#### Data listing

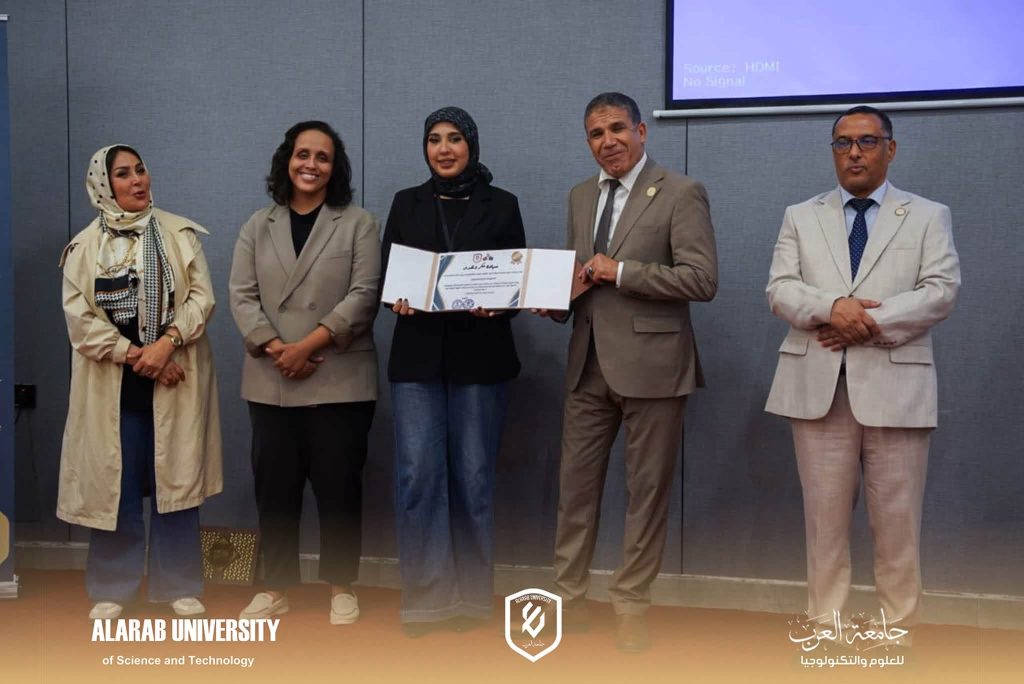 برنامج دكتور صيدلة بجامعة العرب للعلوم والتكنولوجيا يحتفي باليوم العالمي للصيادلة بفعاليات علمية ومهنية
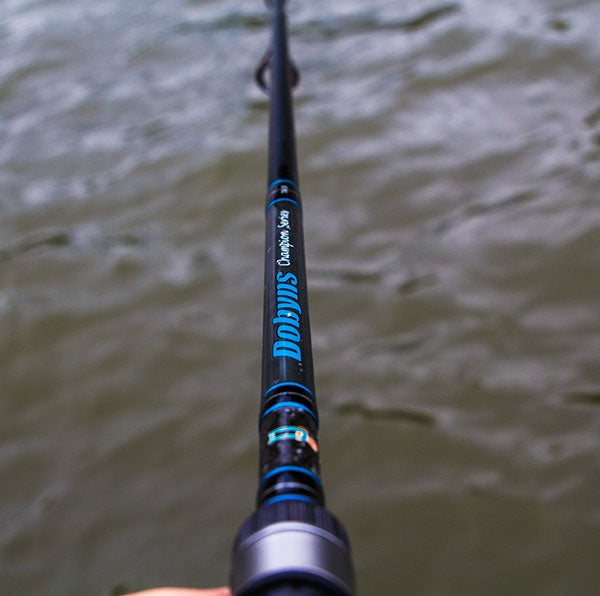 Dobyns Champion Spinning Rod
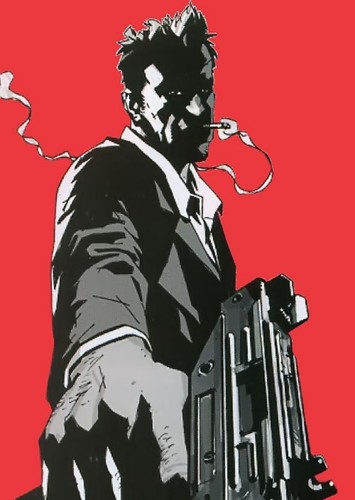 Clay (The Losers Member) (Military Ops. Division under A.R.G.U.S.)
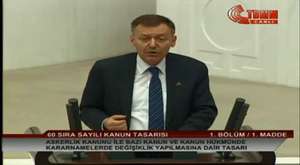 CHP Mersin Milletvekili Aytuğ ATICI`nın Zorunlu Kur`an-ı Kerim Dersleri ile İlgili Konuşması 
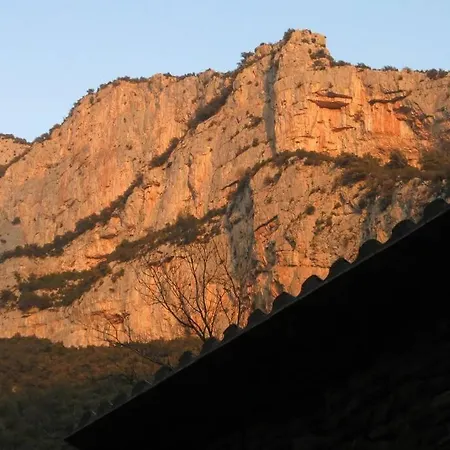 Pont De Valenti Mountain Retreat Apartment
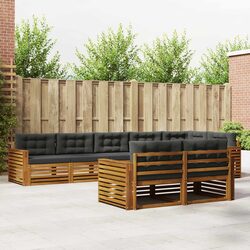 Comfortable and Practical Outdoor Sofa Set for You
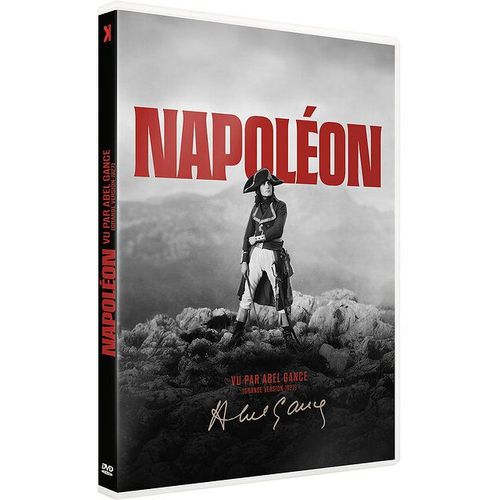 Napoléon Vu Par Abel Gance - Grande Version Restaurée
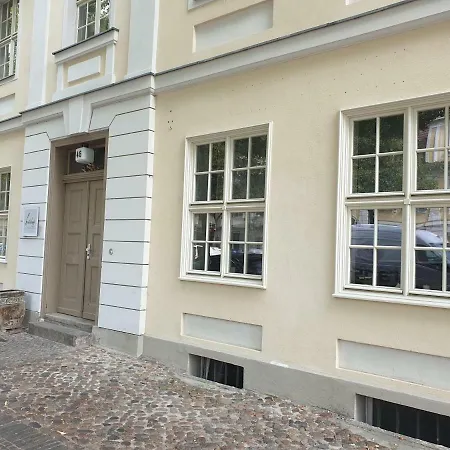 Studioapartment L46 - In Exklusiver Innenstadtlage Potsdam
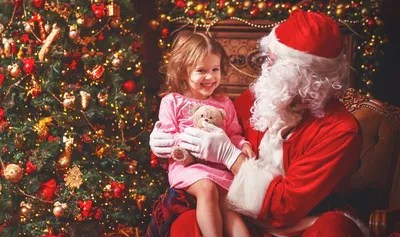 Что можно попросить у Деда Мороза на Новый год? Лучшие идеи для мальчиков и  девочек | \"Где мои дети\" Блог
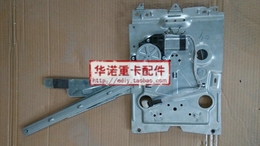 中国重汽豪沃HOWO原厂件A7T7电动玻璃升降器玻璃升降器升降器电机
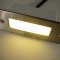LED vestavné svítidlo TAXI SMD P C/M obdélník - Barva světla: Denní bílá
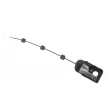 Poignet de porte, équipment intérieur avant gauche TEKNÖR EZC-FR-043 - Visuel 1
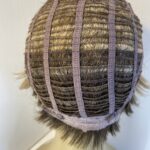 Lovely Short blonde soft wig. Blss224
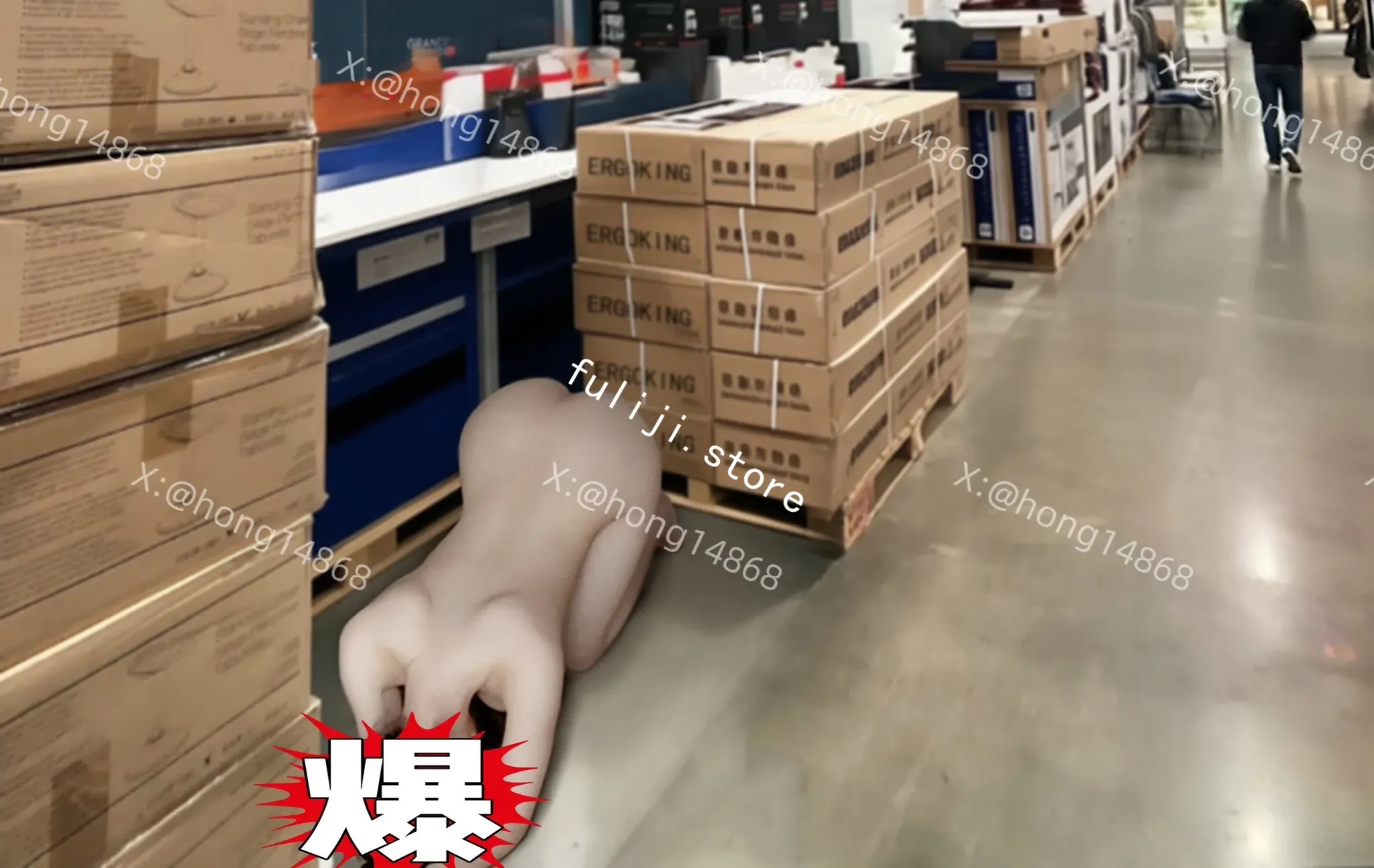 推特露出社死任务反差女医生【hong14868】合集【4.8G】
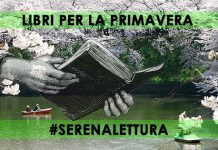 Libri di primavera | #serenalettura https://amzn.to/2ENqRKX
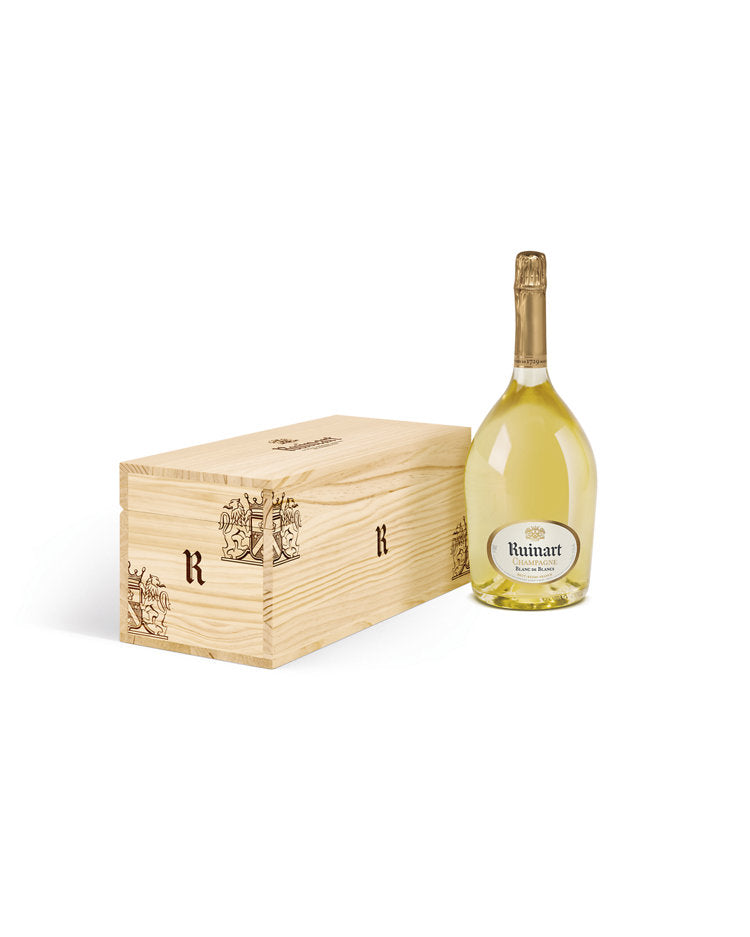 Ruinart Blanc de Blancs Champagne Brut 3Lt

########

Output only the lines that run from the line containing "Poignet de porte, équipment" to the last line of the data, exactly as they stand and without pictures.

Output below:
 Poignet de porte, équipment intérieur avant gauche TEKNÖR EZC-FR-043 - Visuel 1
 Lovely Short blonde soft wig. Blss224
 推特露出社死任务反差女医生【hong14868】合集【4.8G】
 Libri di primavera | #serenalettura https://amzn.to/2ENqRKX
 Ruinart Blanc de Blancs Champagne Brut 3Lt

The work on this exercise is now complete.